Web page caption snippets
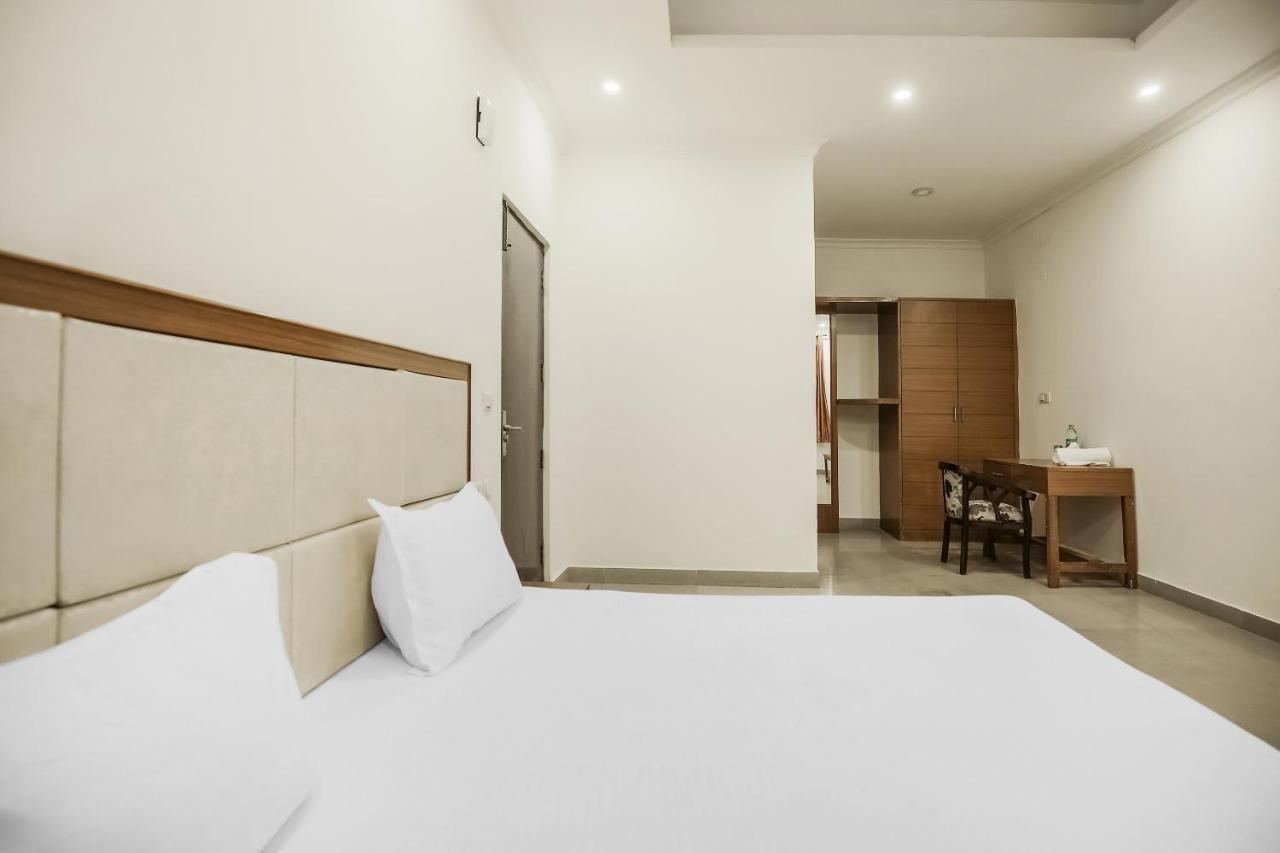 Hotel Collection O Sapphire Chandīgarh Exteriér fotografie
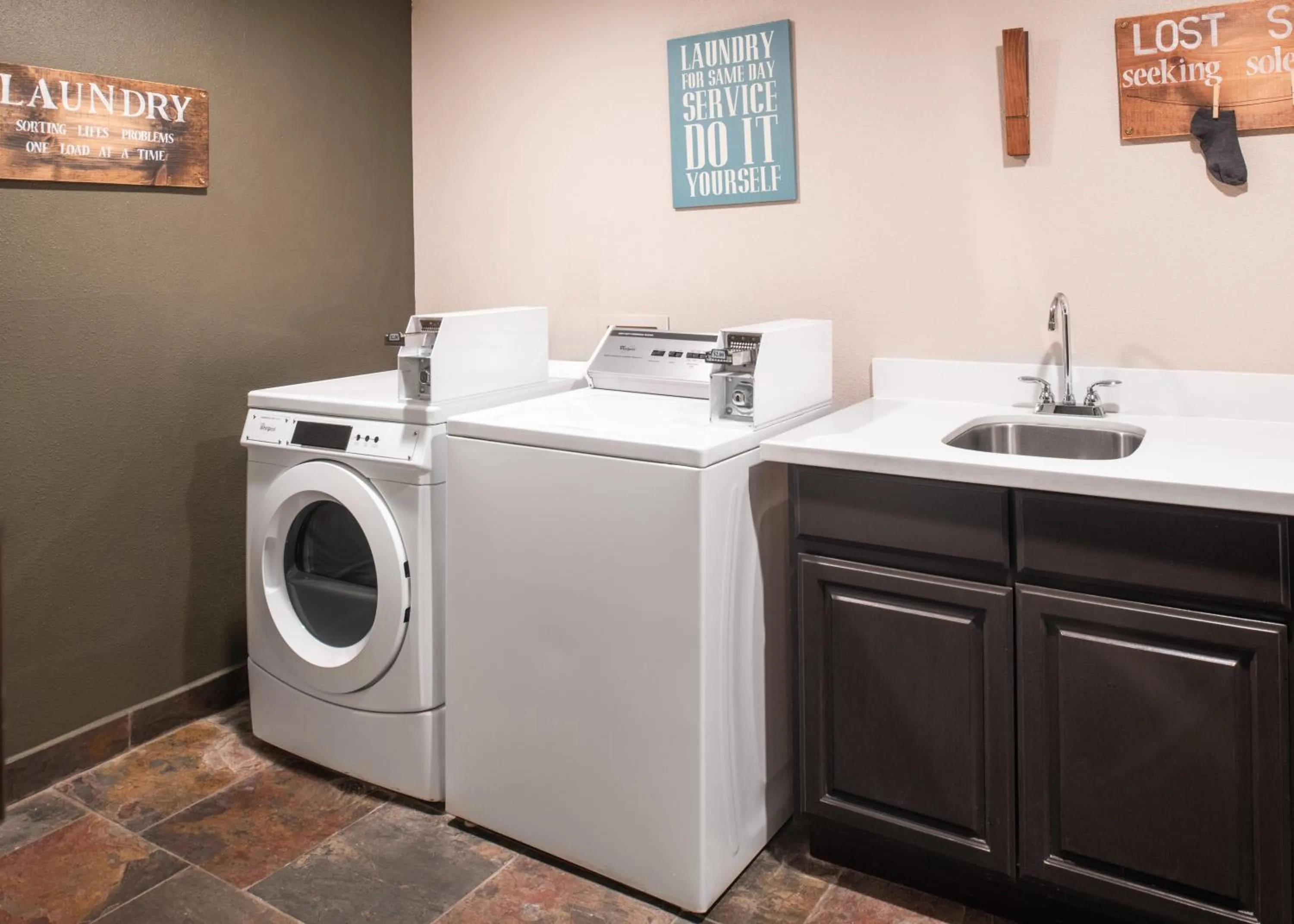 laundry in Yosemite Southgate Hotel & Suites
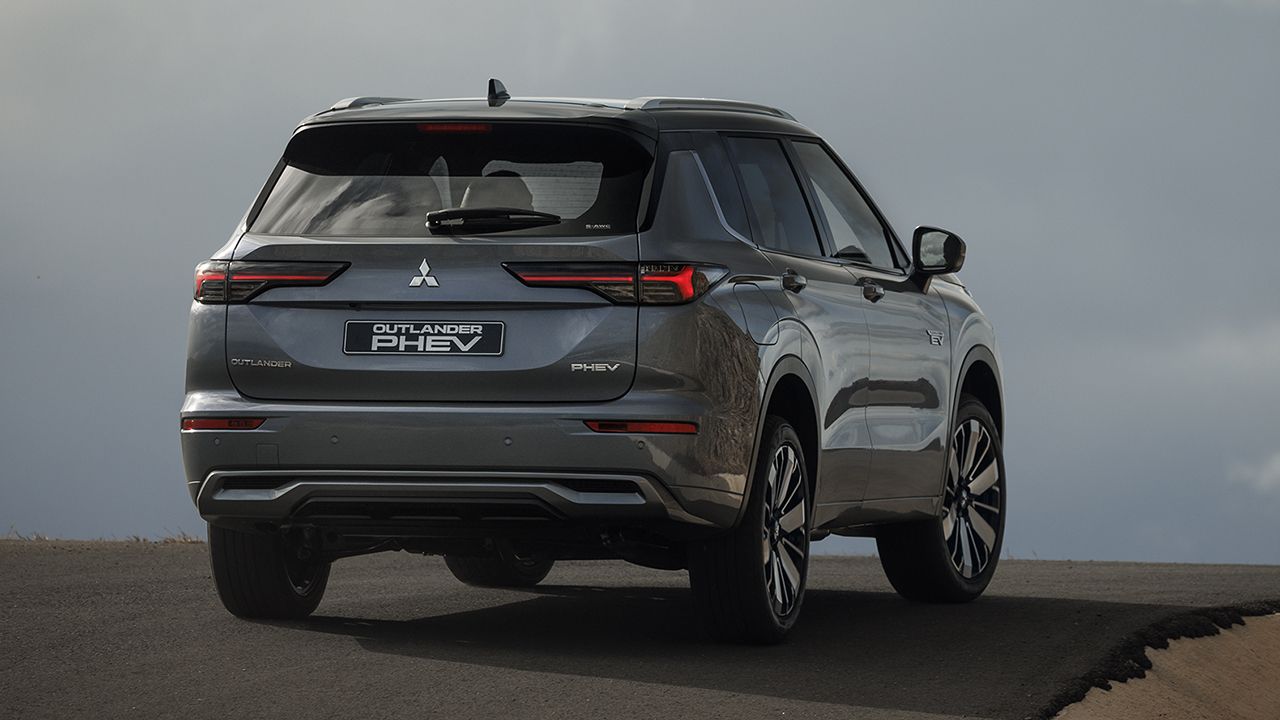 Mitsubishi Outlander PHEV 2025 - posterior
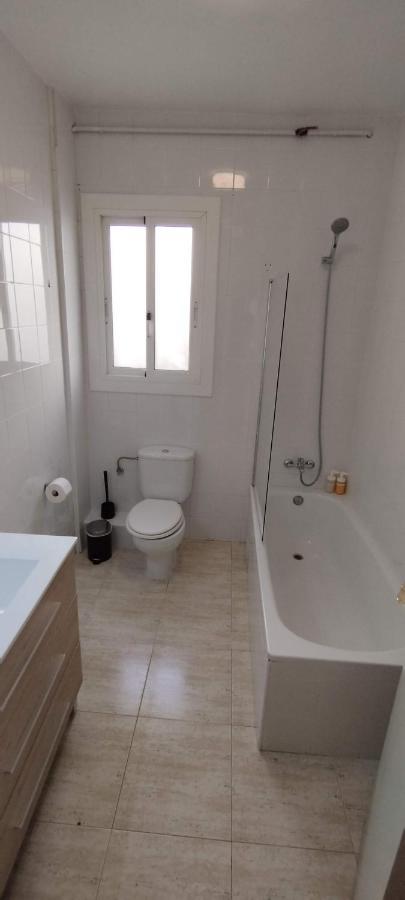 Apartamento Al Lado Del Museo Dali Figueres  Ngoại thất bức ảnh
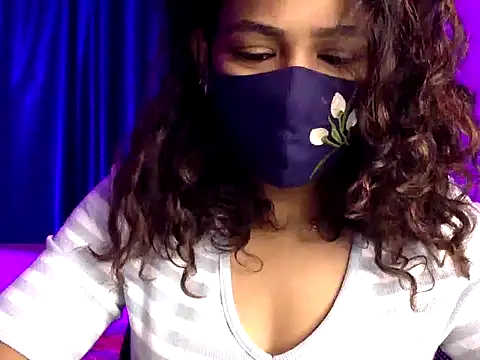Nisha-moon online show from June 2026 06:43:02 AM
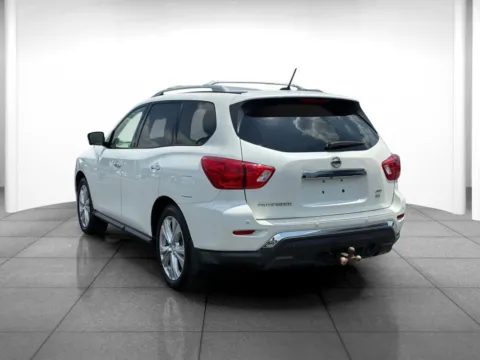 More photos of 2018 Nissan Pathfinder SL at Eastgate Chrysler Jeep Dodge Ram, IN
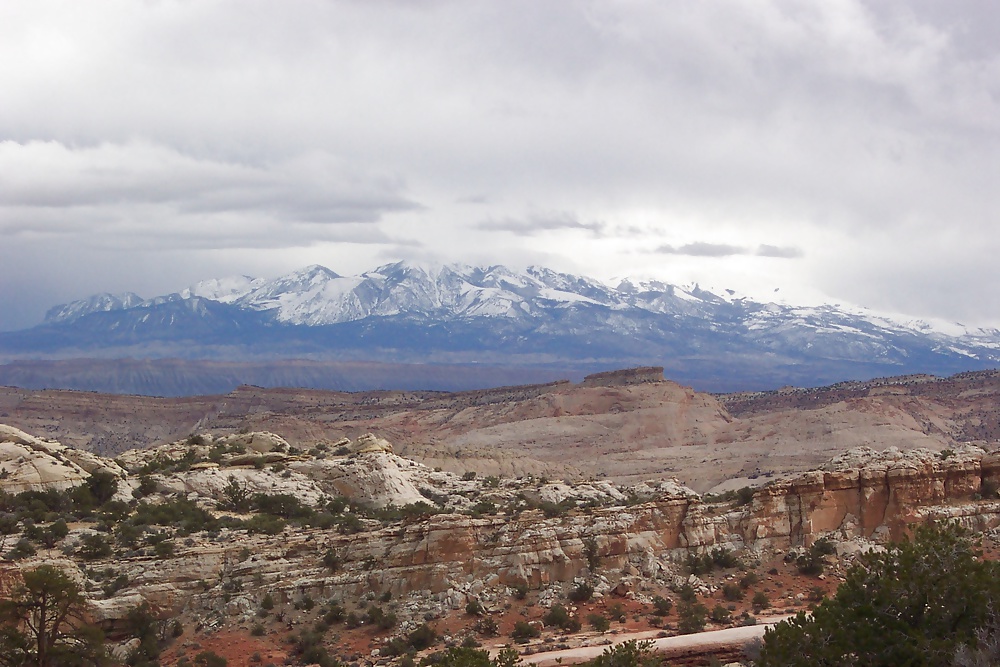 Utah meridionale: barriera corallina, montagne henry e la valle
 #29640557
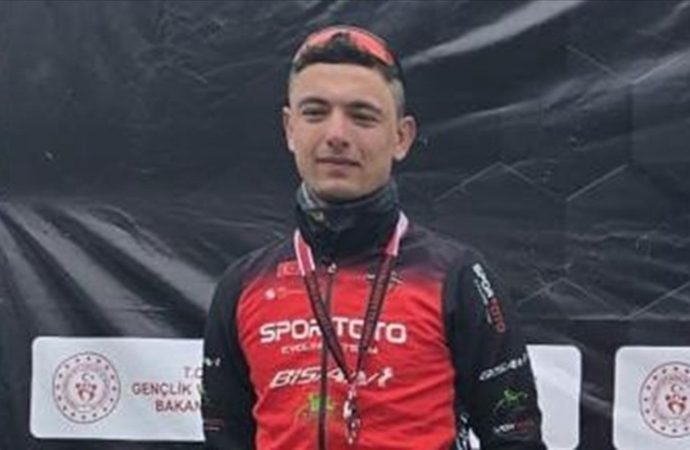 Bisikletçi Mustafa Ayyorkun İran’da yarışta kaza geçirip öldü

__What is being asked__. Pictures excluded, output exactly the line that contains "Apartamento Al Lado" and every line after it to the end of the data above.

__Written reply__.
 Apartamento Al Lado Del Museo Dali Figueres  Ngoại thất bức ảnh
Nisha-moon online show from June 2026 06:43:02 AM
 More photos of 2018 Nissan Pathfinder SL at Eastgate Chrysler Jeep Dodge Ram, IN
 Utah meridionale: barriera corallina, montagne henry e la valle
 #29640557
 Bisikletçi Mustafa Ayyorkun İran’da yarışta kaza geçirip öldü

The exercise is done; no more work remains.